14 Bit Advantage

Hello,

I am looking at either getting a 1DSIII or for the same money upgrading an old 1D to a 1DIIn and getting a 1DSII.

Ignoring the extra pixels, can anyone comment on the advantage of 14bits.

i know the 1DIII has 14 Bit, can anyone comment on how obvious this is compared to the 1DIIn.

I will mainly be using the camera for weddings, and landscape work, with some portraits.

I have just purchased the 85 1.2 II, and want to be able to use it as it was meant to be used (on full frame).

I am not really interested in the 5D (unless the do a nikon, and include the AF from the 1 series in the 5DII, then it could be interesting).

Sorry if this has been asked a thousand times, but the search is down.

If anyone can post some raw samples to show the differences, I would be eternally greatfull.

thanks

None of the modern DSLR sensors have the dynamic range to prouduce 14 bit of usable image data. Moreover, none of them can even fill 12 bit of data. For this reason there's no advantage in using 14-bit ADC over 12-bit ADC. It is purely a marketing feature.

Probably the only situation where 14-bit image processing might produce better images than 12-bit one is when the in-camera image processing is implemented badly (like suffers greatly from cumulative arithmetic errors in sloppily written firmware) and the inherently more "precise" 14-bit engine might compensate for the programming errors to some degree. Of course, this can (and will) only be camera- and firmvare-version-specific, not applicable in general.

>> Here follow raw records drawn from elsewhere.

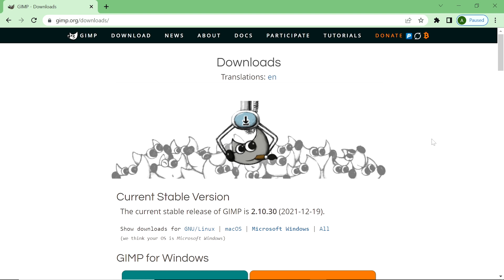Assalamu Alaikum. In this video we learn about how to download and install the latest version of GIMP on Windows. GIMP is a completely free, open-source raster graphics editor and a Photoshop alternative. Adobe Photoshop is paid software, but GIMP is completely free and works like Adobe Photoshop.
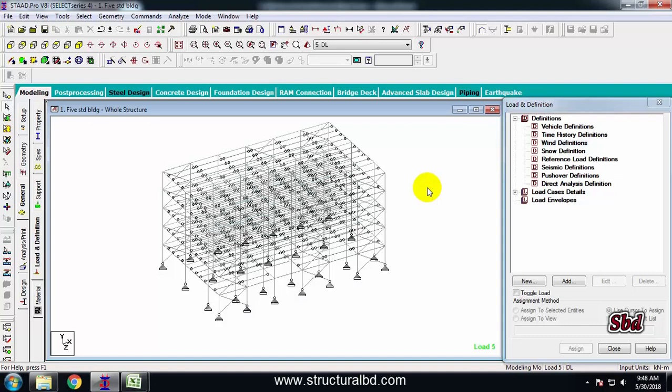Hello friends, welcome to my next video tutorial of multi-story digital structure analysis and design in STAAD Pro version V8i. In this particular video tutorial you will learn how to define and assign wind and earthquake load in a 3D model.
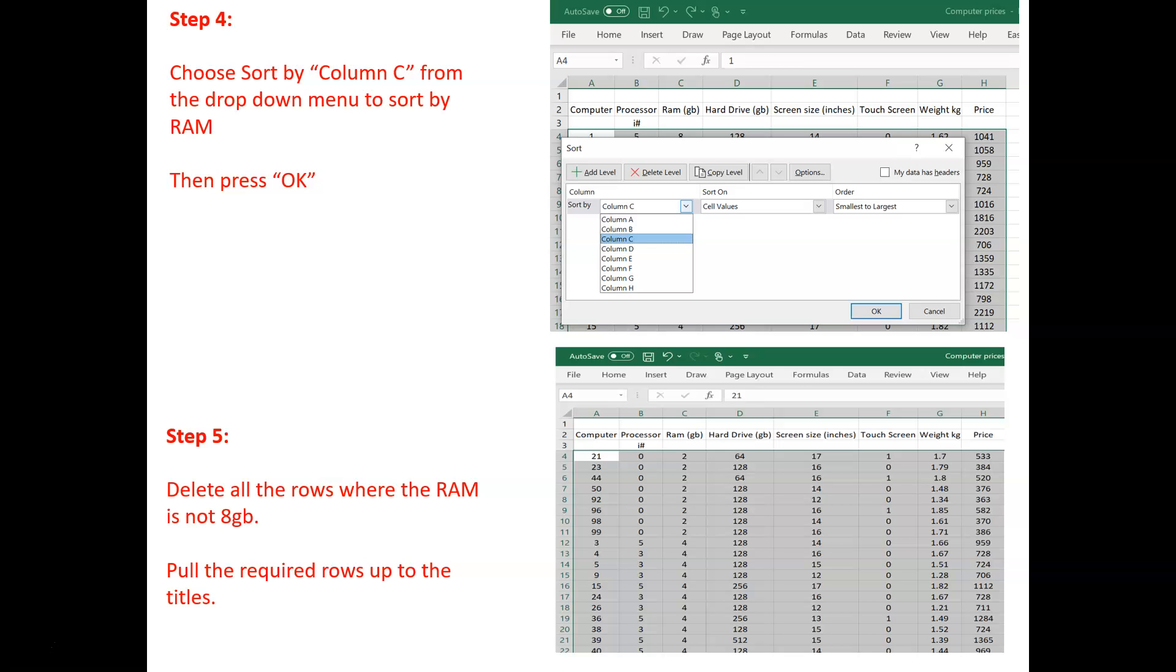Then, simply delete all of those where the RAM is not 8GB. Then, all you'll be left with is the 8GB laptops and pull these up to the titles. So, you've got all of the remaining laptops right underneath the titles.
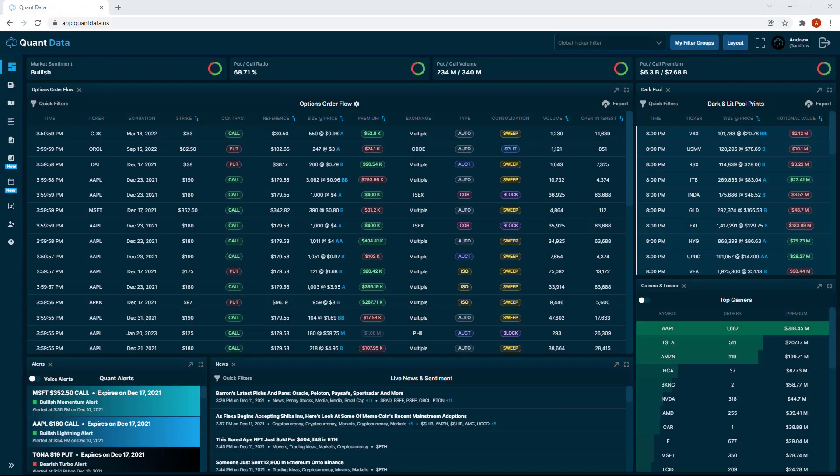Hello and welcome back to another video. I'm Andrew, the CEO of QuantData, and in today's video we'll be going over the new multi-window layout.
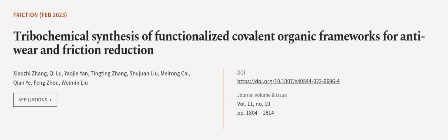This article was authored by Xiaozhi Zhang, Qi Lu, Yaojia Yen, and others. We are article.tv, links in the description below.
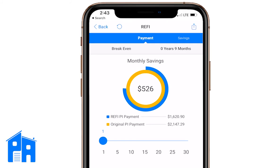The refi payment is $1,620.90. The original principal and interest with the numbers we put in is $2,147.29, so they're saving $526 a month if they refi. In the top gray bar it says 'Break even: 9 months' — meaning it will only take nine months to recoup the closing costs, which were about $4,400. That $526 per month will add up to that $4,500 in nine months. If they're going to stay in the house more than nine months, they'll save money in the long run.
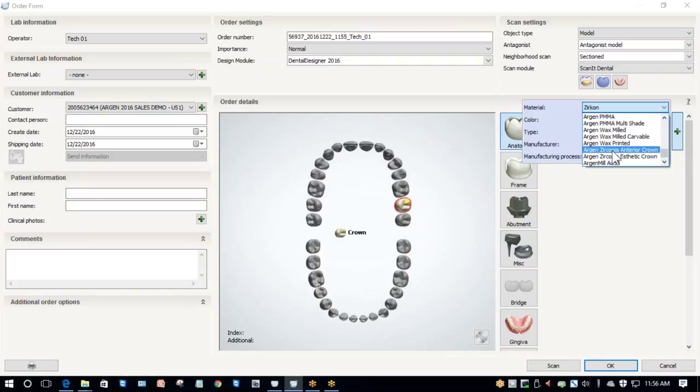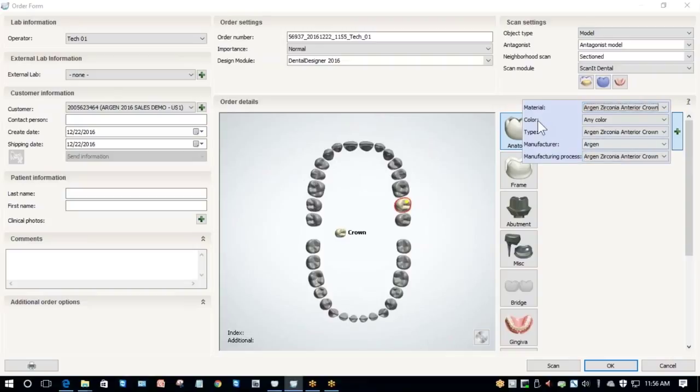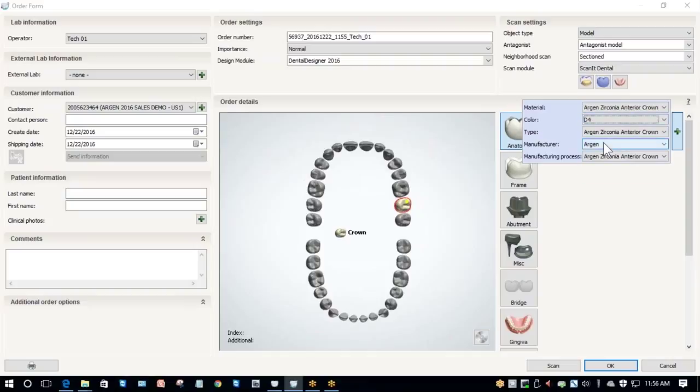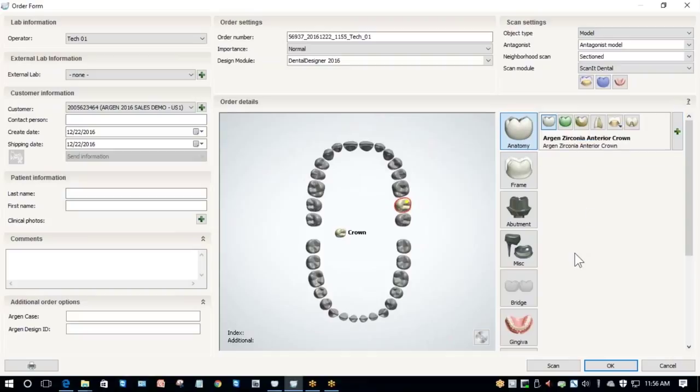Whenever I select something that is shaded, such as zirconia or PMMA, I need to also make sure I fill out what the shade is going to be. This patient has a D4 shade. Now that I've done that, I take my mouse off of this section and new information appears.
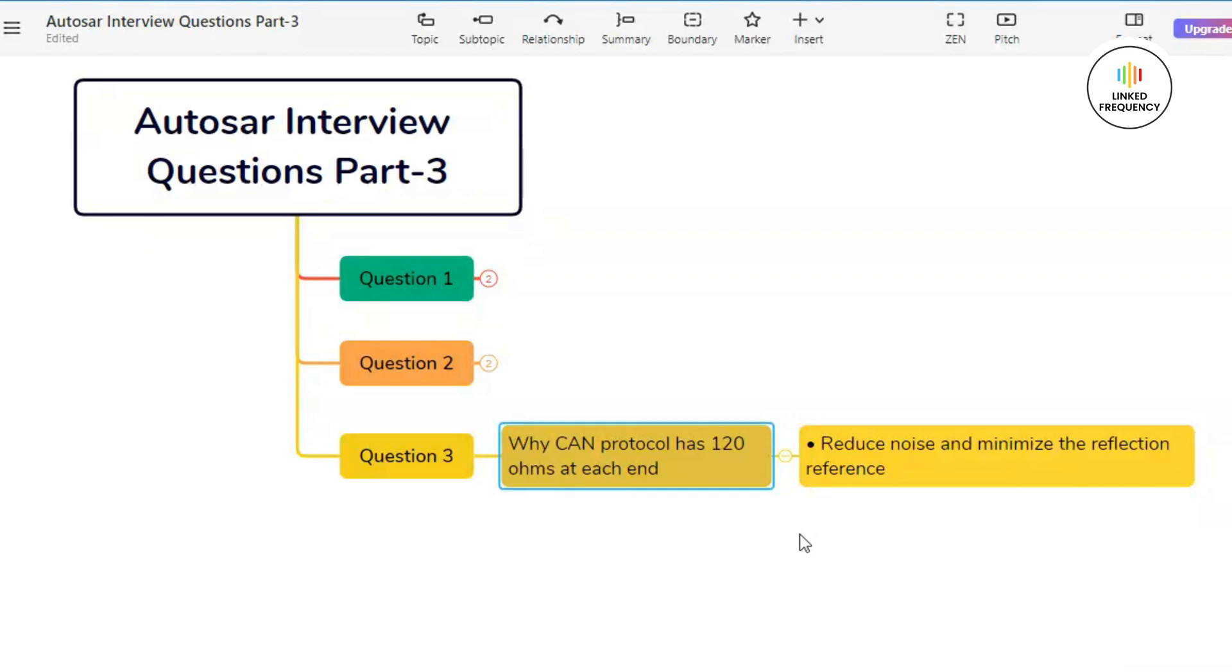The first one is match impedance: ensure the impedance of CAN bus matches the characteristic impedance of the transmission line. The second point is minimize reflections: prevent signal reflections at the end of the bus which can distort communication. The last point is based on prevent interference, which basically means minimize signal noise, thus enhancing the robustness of the communication system.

Also you have to keep in mind that there are quite a few people out there who managed to convince themselves that 14-bit cameras do produce better results than 12-bit ones. Don't be surprised if you won't see any difference in the results yourself, or if the difference won't have anything to do with the "bittness" of the camera.

AndreyT said:

None of the modern DSLR sensors have the dynamic range to prouduce 14
bit of usable image data. Moreover, none of them can even fill 12 bit
of data. For this reason there's no advantage in using 14-bit ADC
over 12-bit ADC. It is purely a marketing feature.

Click to expand...

You must have missed all the discussions about this issue. An analogy works best in this case. Consider the dynamic range of a sensor to be a loaf of bread. The more bits in the ADC, the thinner the slices in that loaf. It will not change the size of the loaf.

--
Best regards,
Jonathan Kardell
'Enlightenment is nowhere near as much fun as I thought it would be. '

The low end of the range is determined simply by how few photons the sensor can distinguish from whatever level of signal noise the sensor calls zero. The high end of the range is determined by how many photons saturate the sensor. Those values do change as technology improves, but (mostly) separately from the 12 bit to 14 bit shift.

With more bits, you do get an increased ability to heavily manipulate the photo without "posterization". This also helps somewhat with retaining editability after the conversion from the linear space of the raw sensor to the gamma 2.2 space used with sRGB and AdobeRGB, and helps even more in converting to ProphotoRGB. But, the effects are usually subtle.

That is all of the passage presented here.